Mammalian Toll-like receptors (TLRs) play a critical role in detection of invading pathogens as well as triggering of subsequent inflammatory and immune responses. Dr. Shizuo Akira's research has been instrumental in shaping our understanding of innate recognition by these receptors. Amongst the many major discoveries from his laboratory, his research has uncovered the role of TLR4 in the recognition of LPS; identified differential signaling by TLRs though selective use of adaptor proteins, such as MyD88 and TRIF; and described the ability of TLR9 to recognize bacterial DNA containing unmethylated CpG dinucleotides (pathogen-derived DNA) and TLR7 to recognize a derivative of imidazoquinoline, an antiviral chemical compound that is now used for treatment of genital warts caused by papilloma virus as well as single-stranded RNA of viruses, including influenza virus.

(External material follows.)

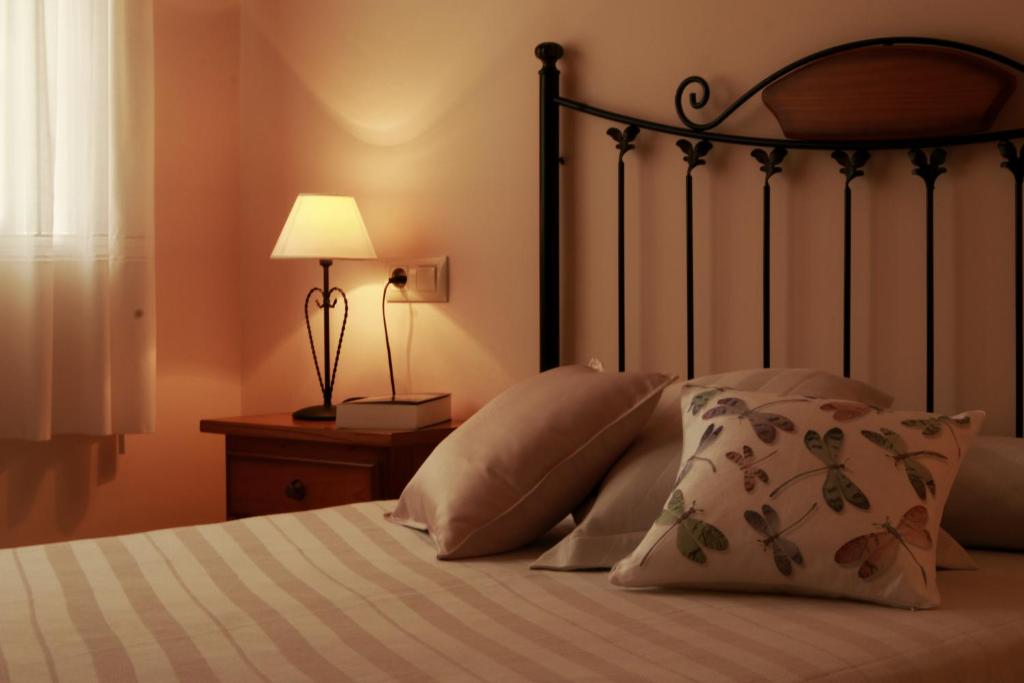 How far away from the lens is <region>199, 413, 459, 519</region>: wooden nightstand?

Furthermore, he recently demonstrated the role of two DExD/H box RNA helicases --- retinoic acid inducible protein-I (RIG-I) and melanoma differentiation-associated gene 5 (mda-5) --- in anti-viral responses by recognizing RNA in the cytoplasm in a TLR independent manner. Research from Dr. Akira's laboratory continues to be at the forefront of studies on recognition pathways for the induction of innate and adaptive immunity. Don't miss the opportunity to hear from this remarkable scientist.

Dr. Akira has been studying the role of Toll-like receptors (TLRs) and their signaling pathways mainly by gene targeting. He studied the molecular mechanisms of immunoglobulin gene rearrangement as a graduate student at Osaka University and for two years as a postdoctoral fellow at the University of California at Berkeley with Hitoshi Sakano. After returning to Japan, he studied IL-6 gene regulation and IL-6 signaling pathways in the laboratory of Tadamitsu Kishimoto, who discovered interleukin-6. Among his contributions, he cloned two important transcription factors involved in IL-6 signaling, NF-IL6 (also called C/EBP beta) and STAT3. In 1996, Dr. Akira left Dr. Kishimoto’s lab to become a professor of biochemistry at Hyogo College of Medicine. At that time he made the seminal observation that mice lacking the adaptor protein MyD88 were unresponsive to lipopolysaccharide (LPS), a major immunostimulatory component in the cell wall of Gram-negative bacteria, indicating that the LPS receptor uses MyD88 for signaling. MyD88 harbors a domain homologous to the cytoplasmic portion of IL-1 receptors and TLR family members. Therefore, he hypothesized that a member of the Toll-like receptor family was a candidate LPS receptor, and began making mice deficient in each of all members of the of TLR family. Together with Dr. Bruce Beutler’s findings with LPS unresponsive natural mutant mice, Dr. Akira demonstrated that TLR4 is essential for LPS responsiveness.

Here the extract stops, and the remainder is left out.